Освоение воздушного пространства Карл Шмитт считал важнейшим геополитическим событием, которое символизировало следующую степень отхода от легитимного упорядочивания пространства, так как воздушное пространство еще менее поддается «упорядочиванию», нежели морское. Развитие авиации также, по мнению Шмитта, было шагом к «тота-лизации» войны. Космические исследования ставили в этом процессе иллегитимной «тоталитаризации» последнюю точку.
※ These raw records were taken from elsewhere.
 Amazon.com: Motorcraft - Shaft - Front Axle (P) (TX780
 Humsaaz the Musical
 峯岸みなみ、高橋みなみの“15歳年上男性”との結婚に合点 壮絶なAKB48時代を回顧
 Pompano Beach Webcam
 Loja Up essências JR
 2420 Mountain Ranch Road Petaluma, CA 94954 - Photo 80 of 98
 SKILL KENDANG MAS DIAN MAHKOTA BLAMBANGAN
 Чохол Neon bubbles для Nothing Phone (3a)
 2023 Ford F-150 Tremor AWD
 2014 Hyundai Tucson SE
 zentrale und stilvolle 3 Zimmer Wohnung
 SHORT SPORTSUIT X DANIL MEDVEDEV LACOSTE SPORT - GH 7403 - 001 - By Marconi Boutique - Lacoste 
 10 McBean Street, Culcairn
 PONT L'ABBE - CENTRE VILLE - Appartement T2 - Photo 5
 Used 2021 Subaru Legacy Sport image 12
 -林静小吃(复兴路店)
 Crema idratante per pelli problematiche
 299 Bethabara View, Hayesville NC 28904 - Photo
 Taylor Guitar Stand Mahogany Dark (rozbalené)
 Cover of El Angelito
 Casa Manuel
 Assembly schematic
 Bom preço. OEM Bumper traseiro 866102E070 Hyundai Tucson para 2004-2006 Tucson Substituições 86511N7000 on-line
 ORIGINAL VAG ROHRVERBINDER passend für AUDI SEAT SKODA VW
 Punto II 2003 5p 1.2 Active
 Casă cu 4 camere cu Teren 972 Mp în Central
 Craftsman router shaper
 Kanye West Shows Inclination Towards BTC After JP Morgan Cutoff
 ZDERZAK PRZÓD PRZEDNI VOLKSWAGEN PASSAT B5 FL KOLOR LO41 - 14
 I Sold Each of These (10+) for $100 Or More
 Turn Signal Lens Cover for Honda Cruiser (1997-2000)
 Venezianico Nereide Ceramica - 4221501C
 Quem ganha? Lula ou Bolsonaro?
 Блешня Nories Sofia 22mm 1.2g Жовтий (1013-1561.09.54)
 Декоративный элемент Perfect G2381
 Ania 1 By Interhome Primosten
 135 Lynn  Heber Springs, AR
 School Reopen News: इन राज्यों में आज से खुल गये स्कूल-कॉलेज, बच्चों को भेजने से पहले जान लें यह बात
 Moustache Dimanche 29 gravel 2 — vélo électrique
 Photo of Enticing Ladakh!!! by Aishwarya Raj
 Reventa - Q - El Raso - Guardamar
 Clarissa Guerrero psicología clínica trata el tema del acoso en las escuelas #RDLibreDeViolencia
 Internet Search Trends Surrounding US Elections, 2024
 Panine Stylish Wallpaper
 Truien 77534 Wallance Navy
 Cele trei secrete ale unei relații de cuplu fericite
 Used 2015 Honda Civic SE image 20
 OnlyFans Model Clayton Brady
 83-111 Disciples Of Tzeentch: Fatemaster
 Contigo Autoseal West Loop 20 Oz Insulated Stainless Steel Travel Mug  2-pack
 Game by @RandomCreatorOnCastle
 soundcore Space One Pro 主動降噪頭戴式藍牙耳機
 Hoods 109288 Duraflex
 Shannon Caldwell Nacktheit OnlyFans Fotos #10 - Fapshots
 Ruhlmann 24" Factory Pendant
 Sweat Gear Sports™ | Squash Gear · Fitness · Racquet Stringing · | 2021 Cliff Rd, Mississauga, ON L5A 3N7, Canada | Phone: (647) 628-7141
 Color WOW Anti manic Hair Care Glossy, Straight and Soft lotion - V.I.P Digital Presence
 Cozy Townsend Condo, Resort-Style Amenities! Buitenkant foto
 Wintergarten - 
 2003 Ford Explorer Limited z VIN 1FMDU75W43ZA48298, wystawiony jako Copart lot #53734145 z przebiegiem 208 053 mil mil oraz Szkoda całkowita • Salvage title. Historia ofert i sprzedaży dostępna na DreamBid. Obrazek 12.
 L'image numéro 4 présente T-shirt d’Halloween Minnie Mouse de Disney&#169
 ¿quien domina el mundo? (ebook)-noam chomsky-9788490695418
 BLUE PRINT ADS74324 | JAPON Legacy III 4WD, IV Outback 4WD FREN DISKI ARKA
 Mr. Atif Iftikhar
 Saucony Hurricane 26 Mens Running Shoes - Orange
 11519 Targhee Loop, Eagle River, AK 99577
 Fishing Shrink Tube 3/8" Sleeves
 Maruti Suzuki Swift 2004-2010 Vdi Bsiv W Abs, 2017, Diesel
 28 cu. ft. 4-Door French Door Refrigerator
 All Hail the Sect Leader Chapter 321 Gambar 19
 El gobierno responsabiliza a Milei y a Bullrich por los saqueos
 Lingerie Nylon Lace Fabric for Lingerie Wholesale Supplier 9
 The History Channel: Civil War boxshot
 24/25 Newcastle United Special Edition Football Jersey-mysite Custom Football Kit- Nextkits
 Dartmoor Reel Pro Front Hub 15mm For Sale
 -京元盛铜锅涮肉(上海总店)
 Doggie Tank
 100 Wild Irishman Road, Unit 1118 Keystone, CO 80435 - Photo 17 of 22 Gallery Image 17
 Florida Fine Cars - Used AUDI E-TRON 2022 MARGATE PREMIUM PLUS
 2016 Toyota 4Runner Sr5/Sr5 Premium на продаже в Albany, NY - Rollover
Но параллельно наползанию на планету морского, воздушного и даже космического чудовища внимание Карла Шмитта (всегда, впрочем, интересовавшегося глобальными категориями, самой малой из которых было «политическое единство народа») привлекла новая фигура истории, фигура «партизана», исследованию которой Карл Шмитт посвятил свою предпоследнюю книгу «Теория партизана». Шмитт увидел в маленьком борце против больших сил некий символ последнего сопротивления теллурократии, ее последнего защитника. Партизан — это, безусловно, современное понятие. Он так же, как и другие современные политические типы, оторван от традиции, находится за гранью Jus Publicum. В своем сражении партизан пренебрегает всеми правилами ведения войны. Более того, партизан — не военный. Это лицо гражданское, действующее террористическими методами, которые в невоенной ситуации должны были бы быть приравнены к злостным уголовным преступлениям. Тем не менее именно партизан, по мнению Карла Шмитта, воплощает в себе «верность Земле», «Суше». Партизан является откровенно иллегитим-ным ответом на замаскированно иллегитимный вызов современного «права». Именно в экстраординарности ситуации, в постоянном сгущении «военного мира» (или «пацифистской войны», что одно и то же) черпает маленький защитник почвы, истории, народа, нации, идеи источник своей парадоксальной оправданности. Стратегическая эффективность партизана и его методов является, согласно Шмитту, парадоксальной компенсацией начинающейся или уже начавшейся «тотальной войны» с «тотальным врагом».